Finished outlet and cover
The last big part of my kitchen reno was replacing the fluorescent tube light over my sink with a new pendant light. I went to the Home Depot and picked out the style below that I thought fit my updated kitchen style well.

Old and new style light
With the power still off at the switch, it took removing a cover, the bulb, two screws and two wired nuts to remove the old fixture. To my surprise there wasn't a junction box. My understanding is that unless the wire connections are contained within the fixture itself, you need a junction box. In my case, the wire would be connected outside the fixture so I needed a box. The previous fluorescent light was wired within the fixture, so one was not required. Once again off to the local hardware store for a junction box.

Exposed wires for light fixture

Now the hard part of my project began. Hanging a light fixture isn't a difficult task but trying to work in the space above the sink was quite difficult.
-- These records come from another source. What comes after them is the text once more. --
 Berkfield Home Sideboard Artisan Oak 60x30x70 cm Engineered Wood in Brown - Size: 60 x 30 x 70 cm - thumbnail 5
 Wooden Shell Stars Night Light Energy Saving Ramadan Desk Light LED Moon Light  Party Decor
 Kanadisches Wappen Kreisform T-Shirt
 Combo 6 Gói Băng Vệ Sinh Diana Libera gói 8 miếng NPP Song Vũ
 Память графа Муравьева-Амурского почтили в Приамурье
I didn't want to stand on the counters unless my weight was being supported by the edges of the base cabinets below. I'm trying work over a double sink which meant I had one foot on the counter and my other foot on the step ladder. Additionally the light is recessed inside the soffit so I'm trying to maneuver in a tight space. It took me several hours to install the junction box and light and I ended up having to do it twice.
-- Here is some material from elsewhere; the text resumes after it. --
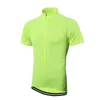 Cores puras Homens Mulheres Sólidos Ciclismo Manga Curta Jersey Full Length Zipper Unisex Bike Jersey240i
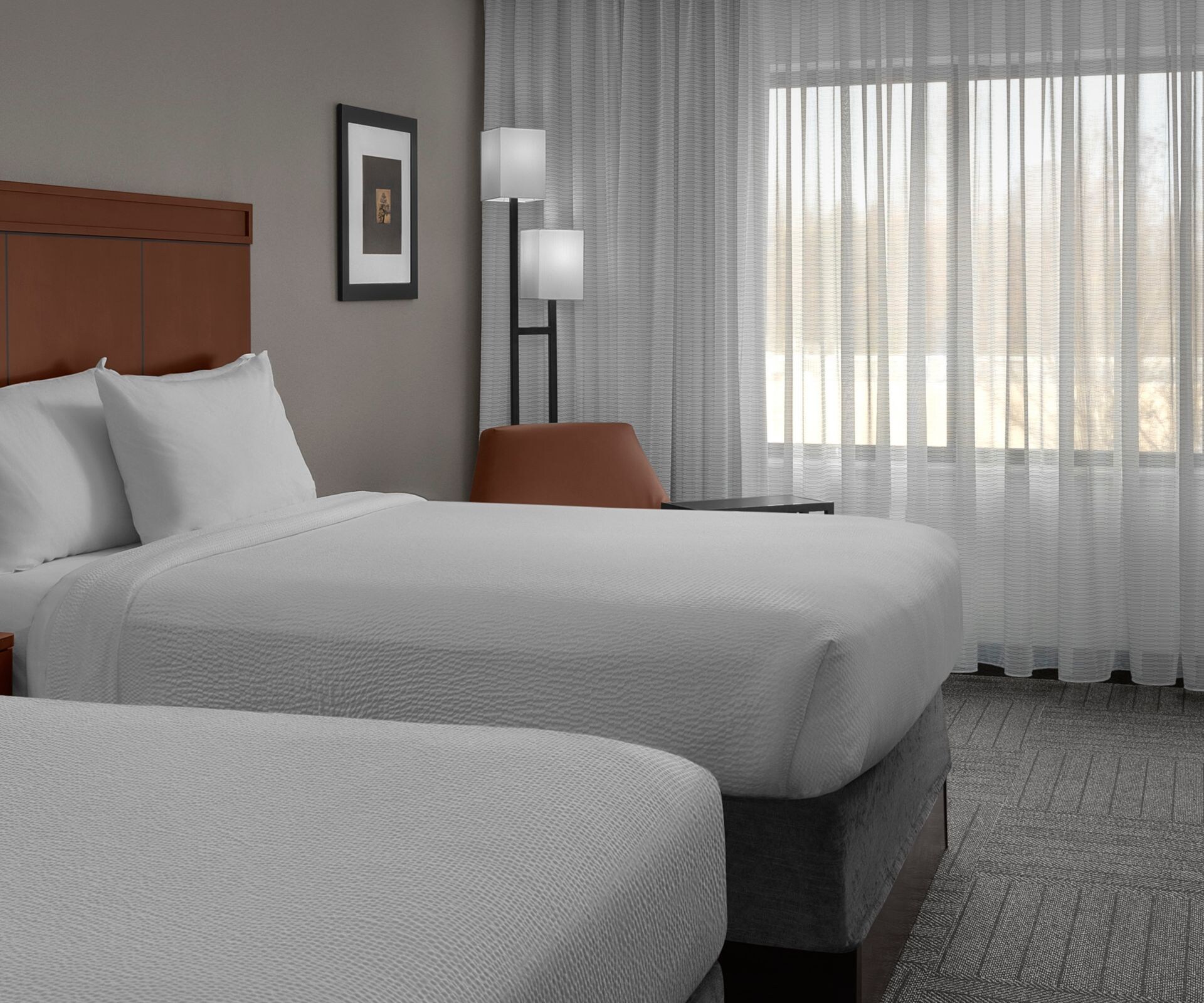Double queen guest room with two queen beds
The first time I installed the box off center and too close to the front of the soffit. I didn't realize this until I was almost finished. I had to take everything down, relocate the junction box and then reinstall the fixture. It also isn't easy trying to do the wiring while in a contorted position and holding up the fixture. I almost gave up on this one but finally managed to get it all installed. When I turned the power back on I prayed that the light worked and was so thankful when it lit up. While I was up there I also knocked down the ugly scallops that went between the upper cabinets - so long scallops!

Add caption
I now love having this light over my sink. In the evening it gives such a nice glow to the space and I couldn't be happier with my choice. Today I finished up two final parts of my kitchen project. I sealed the tile back splash and the counters with a good sealant and I installed narrow molding under the cabinets to give it a more finished look (and to hide the rough cuts on my first section). Two weeks after the counter tops were installed and my kitchen project is complete. Although it took me the longest time to start this it is by far my favorite project to date. I've always wanted to try tiling and thoroughly enjoyed it. Since I love to cook and spend a lot of time in the kitchen, I'm so glad to finally have a space I love. The cabinets are still old but the updates I did make the whole space feel luxurious. The project cost me less than $2600 - well worth every penny and all my hard work.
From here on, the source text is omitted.